ところが私の様に、前職で高い専門性を身に付けることができなかった場合には、資格取得を通じて知識を習得し、「資格」という形で専門性の証明を得る方法がスムーズなのです。
ワーママ社労士のダブルライセンス例
社労士とのダブルライセンスで「これは相性が良いな」と思えた資格は、年金アドバイザー、FP(ファイナンシャル・プランナー)、そして英検等の語学検定です。
年金アドバイザーは、個人のお客様からいただくご相談への対応に役立ちます。
3級は社労士試験レベルですが、2級では年金計算までが試験範囲となっており、より実践的な年金の知識を習得できます。
また、年金の話題から保険商品や資産運用のお話に発展することも多いことから、社労士の実務の中ではFPの知識を活かす場面がたくさんあります。
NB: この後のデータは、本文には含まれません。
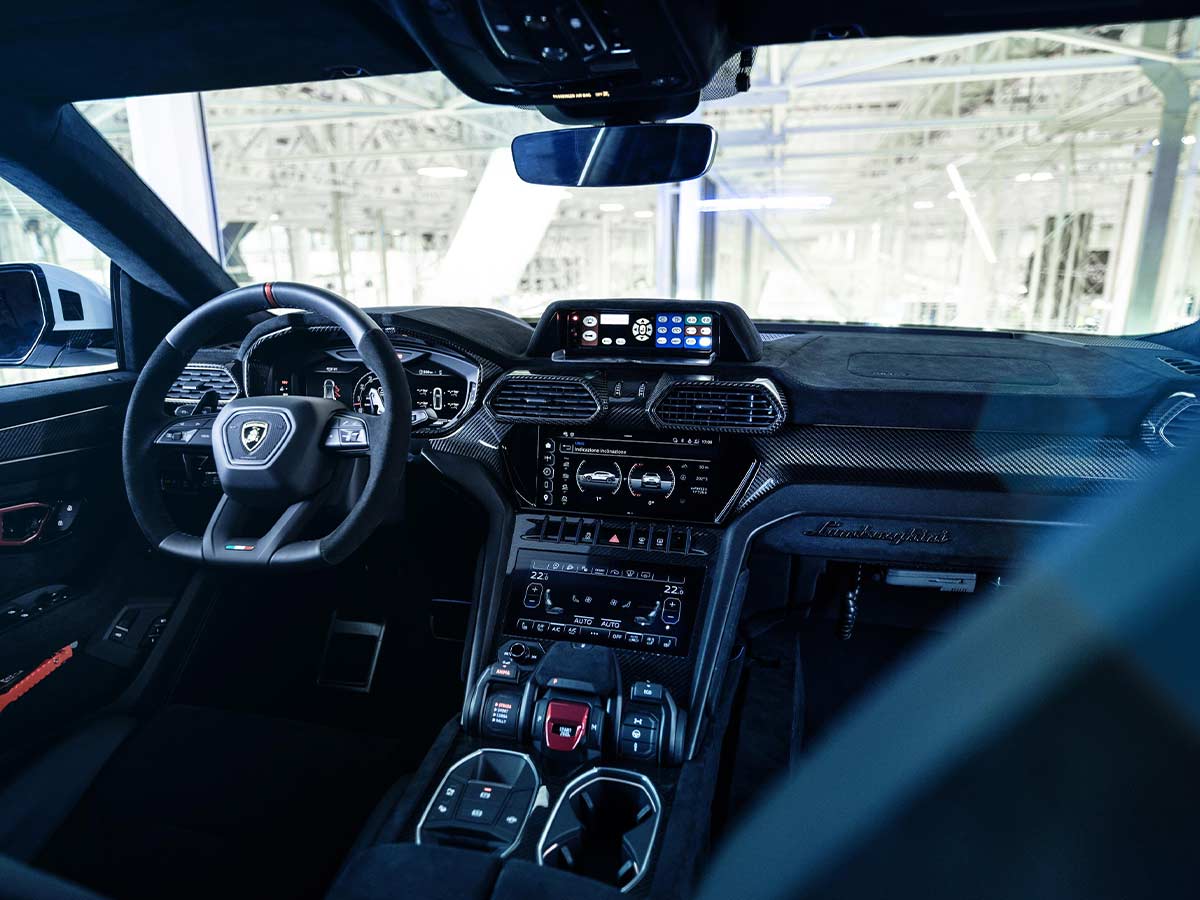 2023 Lamborghini Urus Performante Police Car Interior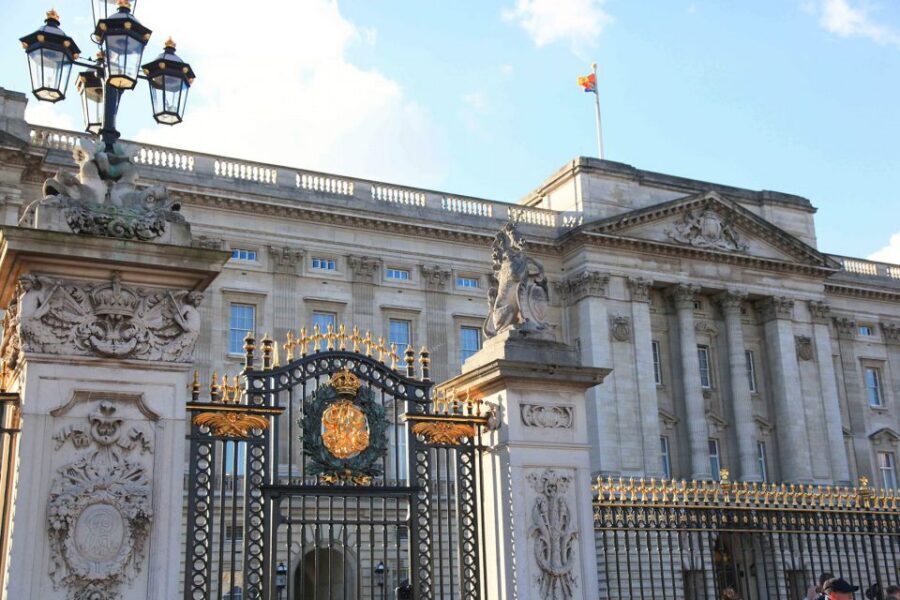 London: Buckingham Palace Entry Ticket & Royal Walking Tour - Why Buckingham Palace State Apartments feel different than a typical attraction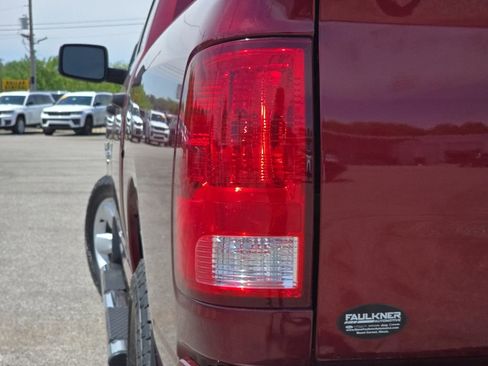 Used 2020 RAM 1500 Express w/ Express Value Package AWD/4WD image 12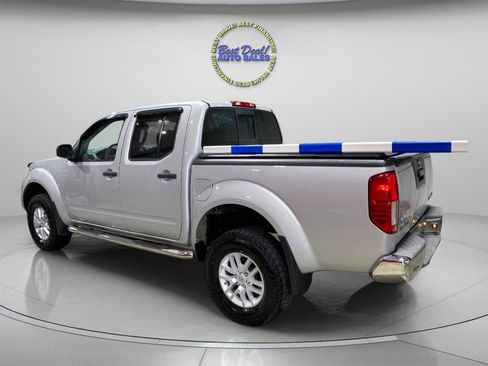 Used 2018 Nissan Frontier SV AWD/4WD image 2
お金について正しい知識を持ち、的確なアドバイスができることは、社労士としての強みとなるはずです。
FP資格概要そして社労士とのダブルライセンスで意外に役立ったのが、語学力です。
学生時代の専攻が英語で、せめて英検1級は合格しておきたいと考えての受験でしたが、社労士開業後には雇用契約書や就業規則の英訳のご依頼をいくつもいただきました。
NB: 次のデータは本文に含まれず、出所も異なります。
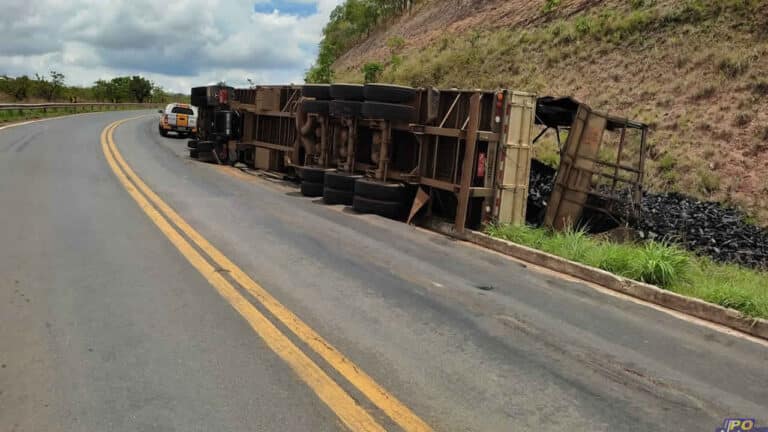 Carreta carregada de carvão tomba na MG-410, em Presidente Olegário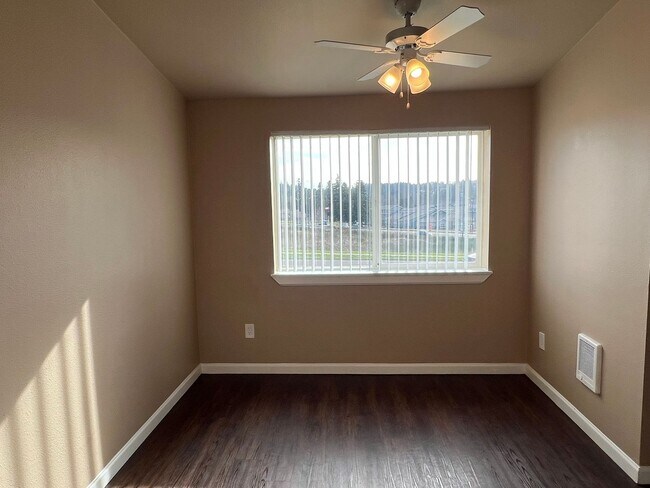 Interior Photo - Vista Pointe Luxury Apartments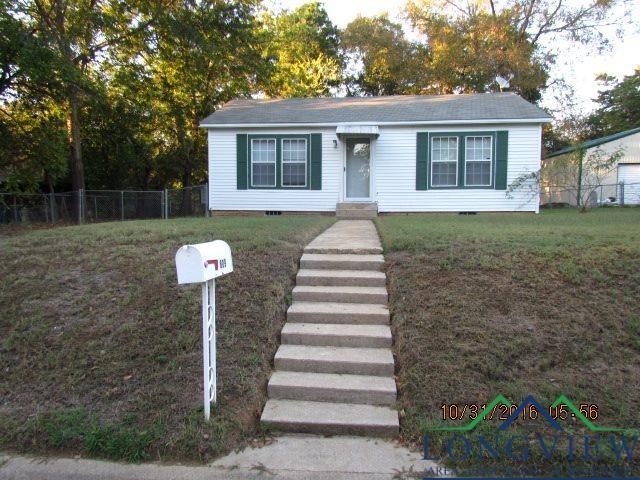 809 Leach St, Kilgore, TX 75662 - photo 1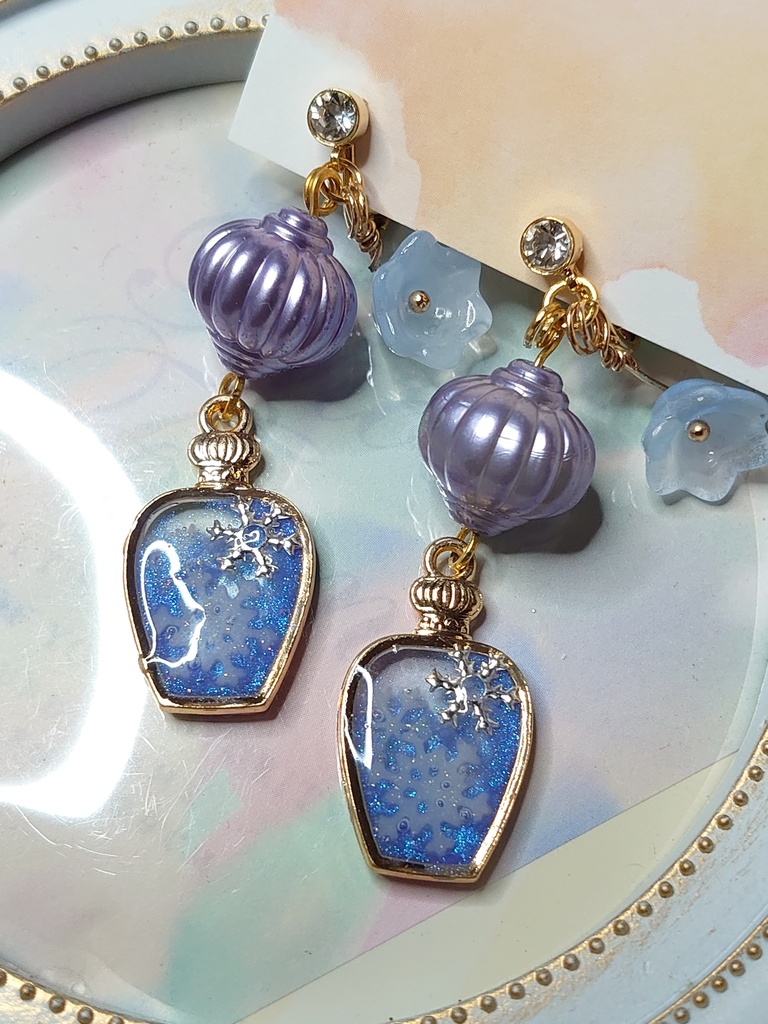 冬の詰まった小瓶 イヤリング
外国人労働者の増加により、企業では日本語以外でのコミュニケーションに頭を悩ませる場面が増えているようですね。
英語以外にも、中国語やスペイン語、ポルトガル語などはビジネスの場で特に需要が高そうだと感じます。
社労士とのダブルライセンス、相性の良い組みあわせは?
年金アドバイザー、FP、英検の他にも、社労士とのダブルライセンスの好事例はいくつも思い浮かびます。
例えば、行政書士を取得していれば、会社設立からその後の労働・社会保険手続き、労務管理までを一貫して行うことができます。
企業顧問を専門とするなら、メンタルヘルス・マネジメント検定に挑戦して、働く人の心の健康管理に携わるのも良いでしょう。
そして、実務経験の受験資格を満たすなら、社労士の知識を活かして衛生管理者を取得するのもおすすめです。
企業内での労働災害の防止や労働者の健康管理、労働衛生教育の実務について、より深い理解につながるはずです。
また、難易度は高いですが、中小企業診断士と社労士とのダブルライセンスが実現すれば、人事・労務分野だけでなく、企業経営にも踏み込んだアドバイスが可能になります。
社労士の兼業、ダブルライセンスの注意点
社労士とのダブルライセンスや他の専門業務との兼業を目指すことは、社労士としての可能性を広げることにつながります。
ただし、ダブルライセンスの取得にばかりとらわれて肝心な社労士業が疎かになった、兼業してみたもののあまり相乗効果を得られなかったというケースも少なくありません。
社労士とのダブルライセンスや兼業を考える際は、まず社労士業との相性を見極めたうえで、本業に支障のない範囲で準備を進めていく段取りを検討する必要があります。
社労士+αを身に付けることができれば、よりいっそう専門性の高い仕事に携わる機会に恵まれます。
子育て中だって、理想の仕事を諦めないで!資格をうまく活用して、着実にキャリアアップしていきましょう。